Private Member’s bills usually attract little attention, but Mr. Enoch Powell’s measure-the Unborn Children Protection Bill- is not in this category. It’s importance is underscored by the fact that, although attendance in the House of Commons is usually sparse on Fridays, an unusually large number of Members attended the Bill’s second reading on Friday February 15 1985. The vote was 238-66 or 78.6 per cent for the bill.

 

Public Interest

           

The great interest of the general public on the issue of embryo experimentation could be seen in the 623 petitions presented to Parliament. Eleven petitions were presented just before the debate started, and one of these contained 2 million signatures. According to one newspaper report, this petition, which was organized by Life and handed to former Conservative Minister, Norman St. John Stevas, is the largest petition presented to Parliament since on by the Chartist movement 150 years ago.

           

During the debate Mr. Powell explained why he introduced the Bill. He said that, when he read the Warnock report on the ethics of human fertilization, he was shocked by the committee’s majority recommendation that experimentations be allowed on human embryos up to 14 days after fertilization.
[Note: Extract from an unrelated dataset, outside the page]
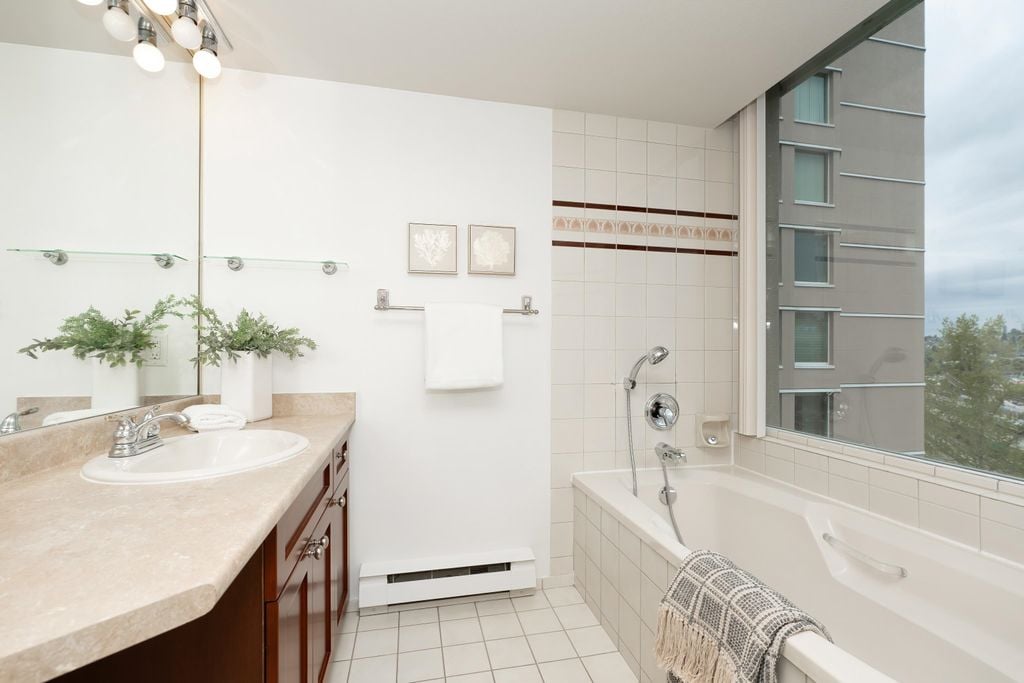 1045 Quayside Dr, #1001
He felt “a deep and instinctive sense of repugnance at the proposition that a human life in embryo should be subjected to experimentation for the acquisition of knowledge.” He added that it could be seen that millions of people shared this repugnance.

           

The Bill has a single purpose: to render it unlawful for a human embryo, created by in-vitro fertilization to be used as a subject for experimentation, except to enable a women to bear a child. The Bill is not concerned with abortion, nor with surrogate motherhood.

           

Mr. Powell who is a Unionist, representing South Down, Northern Ireland, was supported by Mr. Norman St. John Stevas, a Conservative, and by Mr. Alan Beith, a Liberal M.P. and sponsor of the Bill. Mr. St. John Stevas stated that:

           

We know beyond the faintest scintilla of a doubt that the embryo is a unique form of matter, that it is human, that it is alive… That being so, it is morally wrong to simulate its creation to bring it into existence for the purpose of experimentation or dissection, or merely to discard it as useless into a dust bin.

           

Mr. Beith (who on an earlier occasion had said that it is time for society to tell scientists what they can do, and not wait for scientists to say what they have done) stressed the need for immediate legislation and not wait for a widening of research.

           

The speaker for the Labour Party, Miss Joe Richardson, attacked the Bill claiming that it would set back research on congenital malformations, and male and female infertility. (It is worth nothing that a few days earlier the renowned Dr. Jerome LeJeune had said that other lines of research made embryo experimentation unnecessary.)

           

During the debate, a group of five women created a disturbance in the Strangers’ Gallery and were ejected. Outside the Parliament buildings another group of 200 women staged a demonstration. One report quotes Miss Kate Marshall, general secretary of the Revolutionary Communist party as saying: “We have organized this demonstration because it is an attack on the rights of women to control their own bodies.” Obviously they were ignorant, or uncaring of the issues involved in the Bill.

           

The Bill now passes into its committee state and leaves the Government with problems concerning the measure which it intends to introduce, based on the Warnock Report, i.e. to allow experimentation for the first 14 days after fertilization.    

           

One other debate of major significance to the “Unborn Children (Protection) Bill” took place on Thursday February 12- the eve of the Second Reading. By chance, the days leading up to this Reading coincided with the General Synod of the Church of England. Some time ago the Church’s Board of Social Responsibility had endorsed the Warnock Report. However, on Wednesday February 13 the Bishop of Norwhich, Maurice Wood, made a plea for an emergency debate on the Report. He was strongly supported by many others who felt it essential that the Church of England should make its views known before Parliament met on Friday. Despite some opposition the emergency debate took place on Thursday evening as a result the General Synod rejected the policy of its own Board for Social Responsibility with regard to the Warnock Report. The Synod refused to endorse a policy, which supported research on embryos, or the creation of embryos for research.

           

Meanwhile Cardinal Hume, the Catholic Archbishop of Westminster, played his part in the lobbying campaign for the Bill. He sent a letter to every member of the House of Commons saying that if this opportunity to legislate were not taken, then the prospect of further scientific success and momentum of research might make it impossible to act.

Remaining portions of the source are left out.